• [Task instructions]: If a record holds a picture, leave the picture out and repeat everything else exactly.

•••

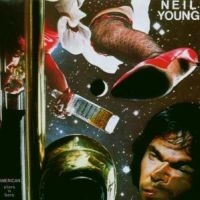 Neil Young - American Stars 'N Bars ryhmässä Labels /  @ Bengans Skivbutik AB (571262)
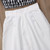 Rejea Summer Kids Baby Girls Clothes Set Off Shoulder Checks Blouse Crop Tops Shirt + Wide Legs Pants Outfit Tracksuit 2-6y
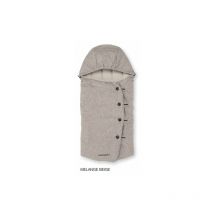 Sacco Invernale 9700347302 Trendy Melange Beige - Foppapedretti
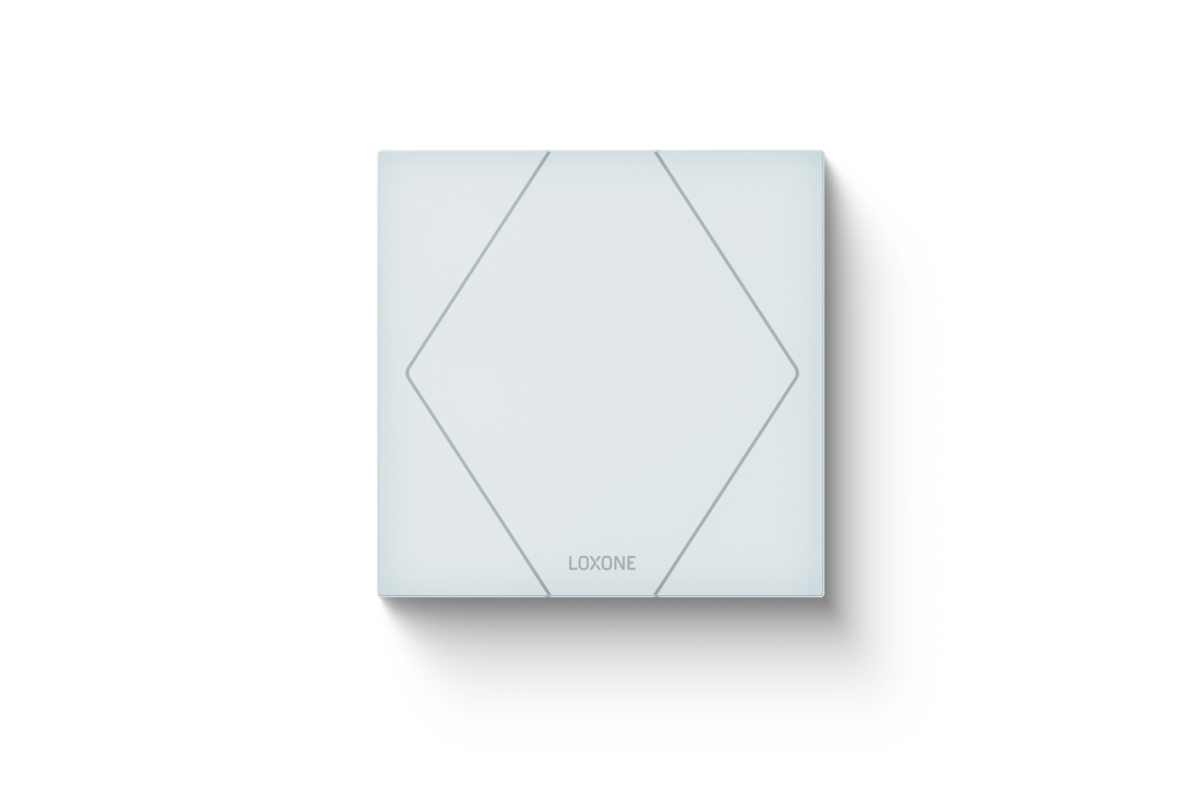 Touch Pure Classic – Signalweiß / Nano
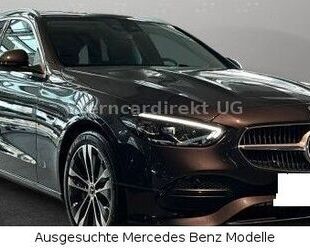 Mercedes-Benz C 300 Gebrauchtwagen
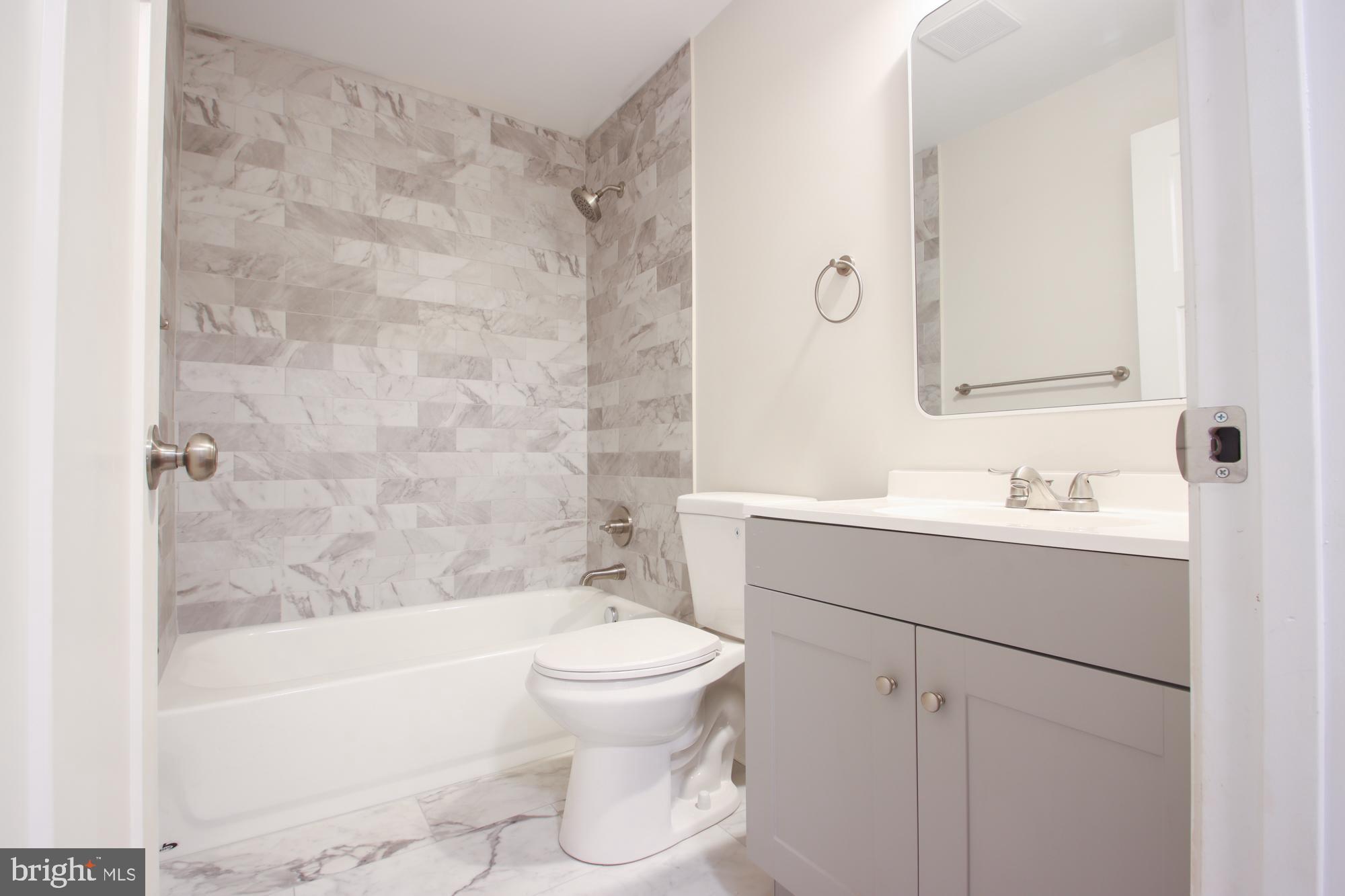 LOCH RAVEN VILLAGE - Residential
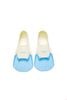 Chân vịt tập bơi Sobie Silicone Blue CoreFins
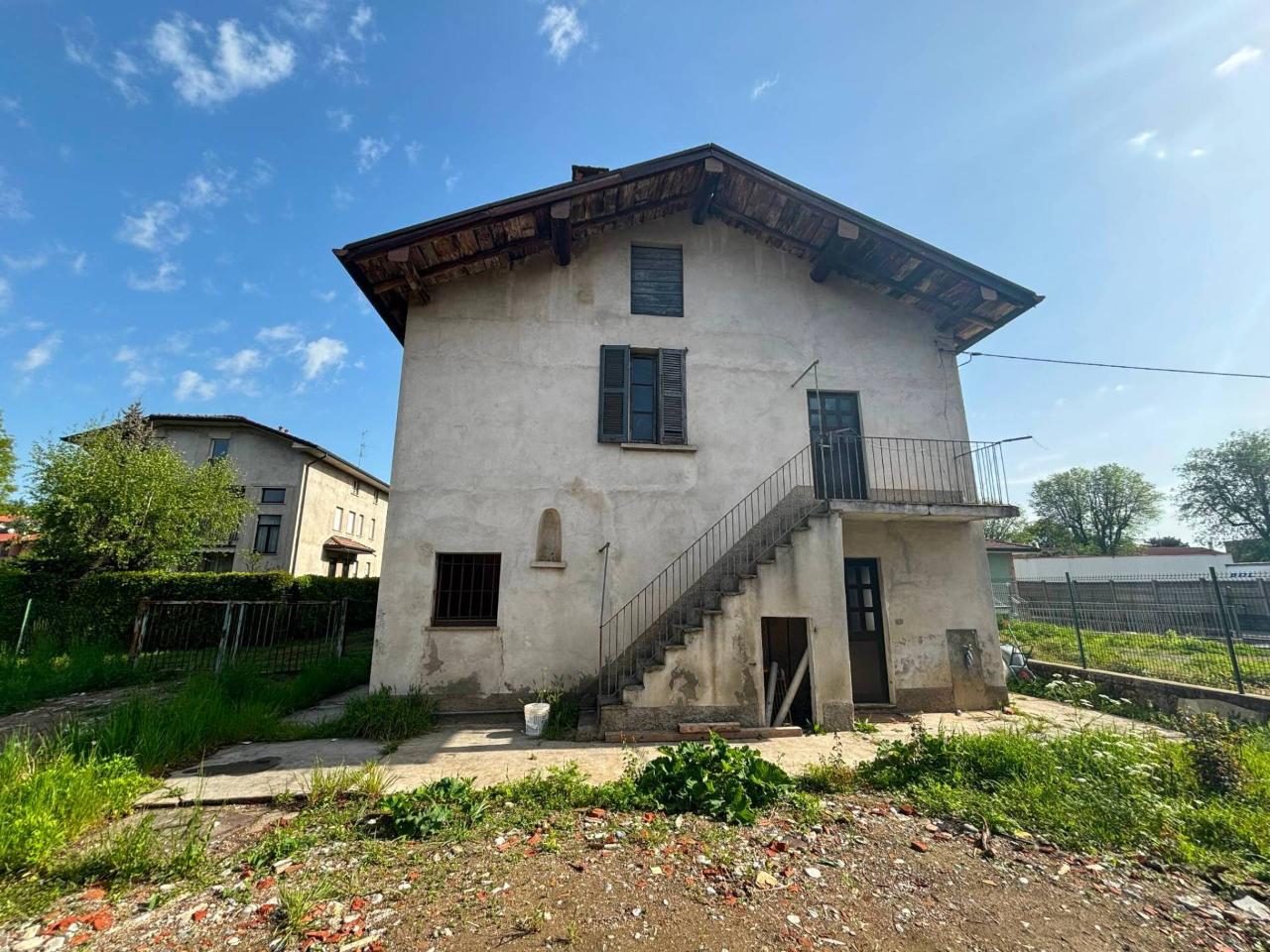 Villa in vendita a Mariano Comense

•••

• [Exercise output]:
 Neil Young - American Stars 'N Bars ryhmässä Labels /  @ Bengans Skivbutik AB (571262)
 Rejea Summer Kids Baby Girls Clothes Set Off Shoulder Checks Blouse Crop Tops Shirt + Wide Legs Pants Outfit Tracksuit 2-6y
 Sacco Invernale 9700347302 Trendy Melange Beige - Foppapedretti
 Touch Pure Classic – Signalweiß / Nano
 Mercedes-Benz C 300 Gebrauchtwagen
 LOCH RAVEN VILLAGE - Residential
 Chân vịt tập bơi Sobie Silicone Blue CoreFins
 Villa in vendita a Mariano Comense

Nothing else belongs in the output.